C’est dans ce contexte qu’a été créé le 10 décembre 1994 l’Espace d’Interpellation Démocratique (EID), à l’initiative du Président de la République de l’époque, comme élément d’une nouvelle stratégie de communication permettant aux citoyens de s’adresser directement aux autorités qui ont l’obligation de leur fournir des réponses concernant tous les aspects de la vie politique, économique et sociale: les violations de droits, la corruption, la non application des décisions de justice, la lenteur dans le traitement des dossiers au niveau des services administratifs, le non respect des dates annoncées pour le démarrage de certains projets ou programmes de développement, le manque d’autorité de l’Etat dans la gestion de certaines affaires d’envergure nationale, le traitement des conflits liés à la gestion des domaines fonciers, la liste n’est pas exhaustive.
La première édition a eu lieu le 10 Décembre 1994 à l’occasion de la célébration de l’anniversaire de la Déclaration Universelle des Droits de l’Homme.
Les principales interpellations et contributions à cette 1ère édition ont d’ailleurs principalement été le fait d’organisations, d’associations et de collectifs œuvrant pour la promotion et la protection des droits de l’homme en général, plus spécifiquement des droits des femmes et des enfants et pour la défense des libertés publiques et droits fondamentaux. Le succès des deux premières éditions et l’engouement suscité auprès du public ont conduit le gouvernement à instituer officiellement l’événement en lui fixant des objectifs plus précis à travers le Décret N° 96-159/PRM du 31 Mai 1996, complété plus tard par un règlement intérieur.
Les objectifs de l’EID
L’Espace d’Interpellation Démocratique est un forum annuel qui a pour objet « d’informer les opinions publiques nationale et internationale sur l’état des droits de l’Homme en République du Mali, de contribuer de manière active et pédagogique à la réalisation d’une culture démocratique nationale » et d’impulser de façon significative la politique de promotion et de protection des droits et libertés des citoyens. L’EID s’adresse à l’ensemble des populations maliennes à travers une forte médiatisation. Il faut souligner que la télévision assure la retransmission en direct de la session relayée par les radios et la presse écrite. L’EID a une devise « Démocratie-Justice-Développement » et un hymne dont un extrait est chanté à l’ouverture, traduit dans les principales langues (les plus parlées) du Mali : « il faut que devant la justice, tous les fils du pays soient égaux. Que tu sois premier dirigeant ou que tu sois tout puissant socialement ou financièrement, le droit doit être dit pour fixer qui a raison et qui a tort. La démocratie est source de bonheur, parce que garante des droits de l’homme ». L’EID vise essentiellement à :
Mettre en place un espace d’expression des attentes des citoyens et d’examen de leurs griefs contre la gestion des affaires publiques par les gouvernants.

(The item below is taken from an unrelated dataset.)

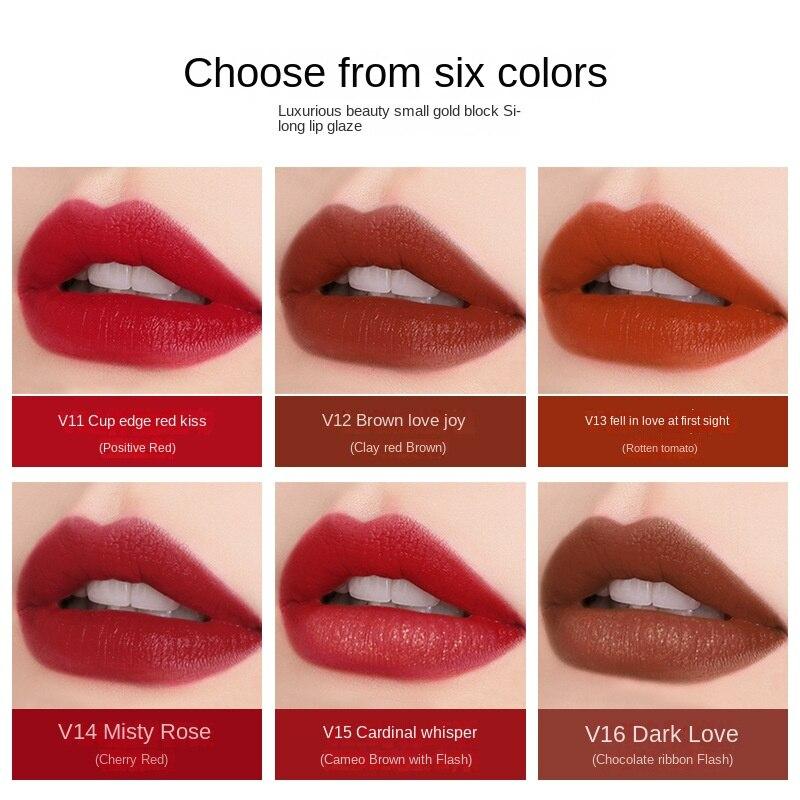 VIBELY Прозрачный стеклянный маленький тюбик Бархатная матовая глазурь для губ Матовая антипригарная блестящая перламутровая глазурь для губ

Renforcer de façon pédagogique l’ancrage de la culture démocratique et de l’Etat de droit par l’instauration d’une nouvelle forme de dialogue entre les gouvernants et les gouvernés, et cultiver davantage la transparence dans la gestion des affaires de la cité.

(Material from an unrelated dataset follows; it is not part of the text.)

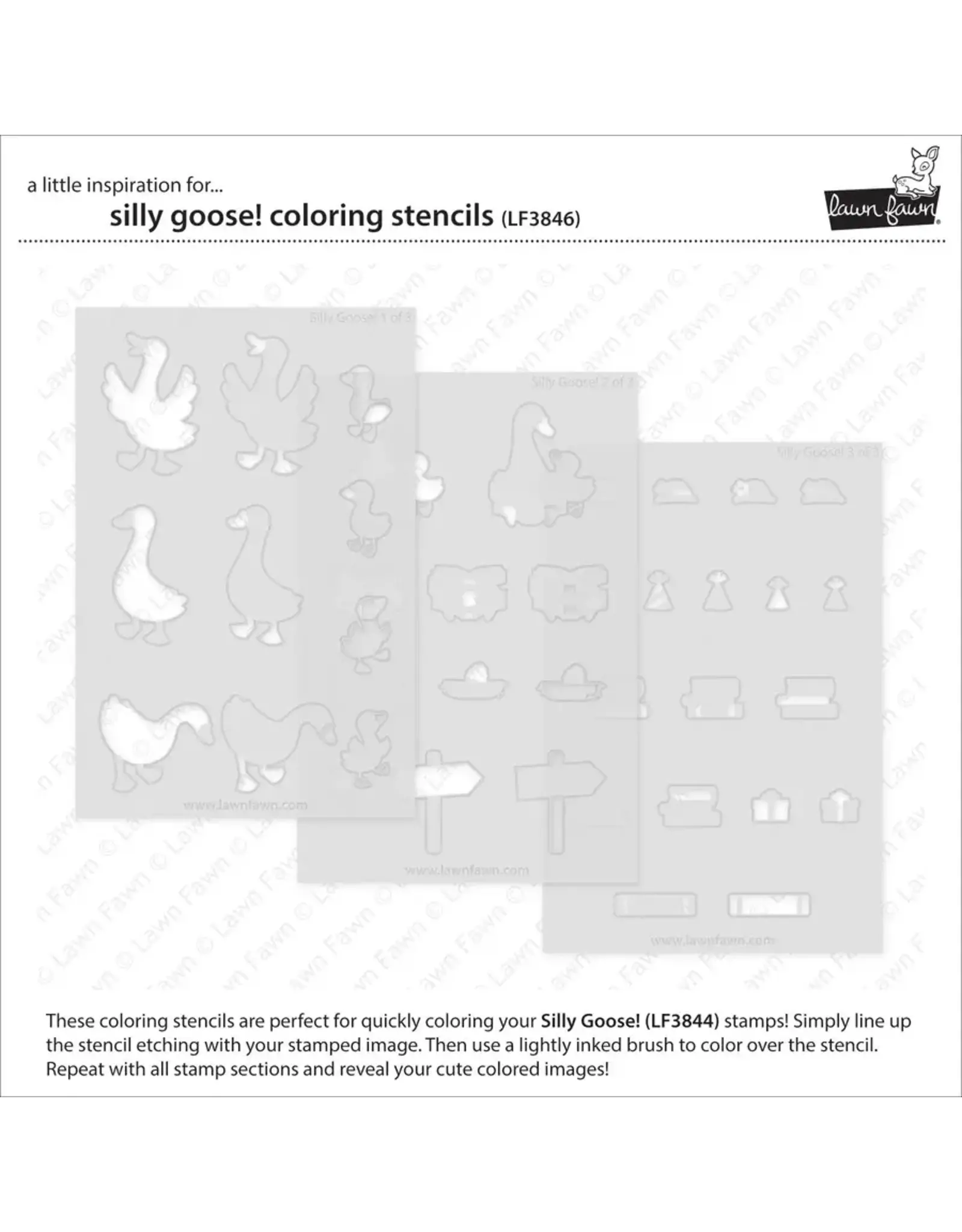 LAWN FAWN LAWN FAWN SILLY GOOSE! COLORING STENCIL 3/PK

Montrer à la communauté internationale l’engagement et la détermination des autorités gouvernementales à respecter et à promouvoir les droits de l’Homme.
Informer l’opinion publique nationale sur l’état des droits de l’Homme au Mali
Impulser de façon significative la politique de promotion et de protection des droits de l’Homme et libertés des citoyens.